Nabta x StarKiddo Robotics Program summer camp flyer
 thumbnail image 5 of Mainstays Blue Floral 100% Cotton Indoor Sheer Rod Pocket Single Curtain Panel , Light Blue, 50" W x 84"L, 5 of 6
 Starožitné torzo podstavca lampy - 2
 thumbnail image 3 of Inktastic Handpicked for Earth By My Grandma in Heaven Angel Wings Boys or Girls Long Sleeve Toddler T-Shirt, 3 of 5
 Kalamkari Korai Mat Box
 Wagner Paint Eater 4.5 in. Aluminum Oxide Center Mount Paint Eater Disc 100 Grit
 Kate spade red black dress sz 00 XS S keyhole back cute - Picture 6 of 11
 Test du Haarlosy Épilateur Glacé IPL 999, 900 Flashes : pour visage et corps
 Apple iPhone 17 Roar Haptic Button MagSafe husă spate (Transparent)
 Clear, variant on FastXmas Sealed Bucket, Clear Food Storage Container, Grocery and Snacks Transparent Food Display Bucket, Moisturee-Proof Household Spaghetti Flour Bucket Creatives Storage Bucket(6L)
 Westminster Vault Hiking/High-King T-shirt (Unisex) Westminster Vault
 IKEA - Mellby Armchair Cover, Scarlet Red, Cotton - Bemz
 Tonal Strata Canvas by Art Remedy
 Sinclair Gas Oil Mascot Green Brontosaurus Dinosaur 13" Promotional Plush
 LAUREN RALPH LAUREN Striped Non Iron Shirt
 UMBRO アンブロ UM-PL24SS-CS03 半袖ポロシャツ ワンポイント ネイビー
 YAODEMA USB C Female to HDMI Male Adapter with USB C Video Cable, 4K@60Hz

DIRECTIONS:
Transcribe every line of the records, keeping each one exact.

SOLVED PROBLEM:
Nabta x StarKiddo Robotics Program summer camp flyer
 thumbnail image 5 of Mainstays Blue Floral 100% Cotton Indoor Sheer Rod Pocket Single Curtain Panel , Light Blue, 50" W x 84"L, 5 of 6
 Starožitné torzo podstavca lampy - 2
 thumbnail image 3 of Inktastic Handpicked for Earth By My Grandma in Heaven Angel Wings Boys or Girls Long Sleeve Toddler T-Shirt, 3 of 5
 Kalamkari Korai Mat Box
 Wagner Paint Eater 4.5 in. Aluminum Oxide Center Mount Paint Eater Disc 100 Grit
 Kate spade red black dress sz 00 XS S keyhole back cute - Picture 6 of 11
 Test du Haarlosy Épilateur Glacé IPL 999, 900 Flashes : pour visage et corps
 Apple iPhone 17 Roar Haptic Button MagSafe husă spate (Transparent)
 Clear, variant on FastXmas Sealed Bucket, Clear Food Storage Container, Grocery and Snacks Transparent Food Display Bucket, Moisturee-Proof Household Spaghetti Flour Bucket Creatives Storage Bucket(6L)
 Westminster Vault Hiking/High-King T-shirt (Unisex) Westminster Vault
 IKEA - Mellby Armchair Cover, Scarlet Red, Cotton - Bemz
 Tonal Strata Canvas by Art Remedy
 Sinclair Gas Oil Mascot Green Brontosaurus Dinosaur 13" Promotional Plush
 LAUREN RALPH LAUREN Striped Non Iron Shirt
 UMBRO アンブロ UM-PL24SS-CS03 半袖ポロシャツ ワンポイント ネイビー
 YAODEMA USB C Female to HDMI Male Adapter with USB C Video Cable, 4K@60Hz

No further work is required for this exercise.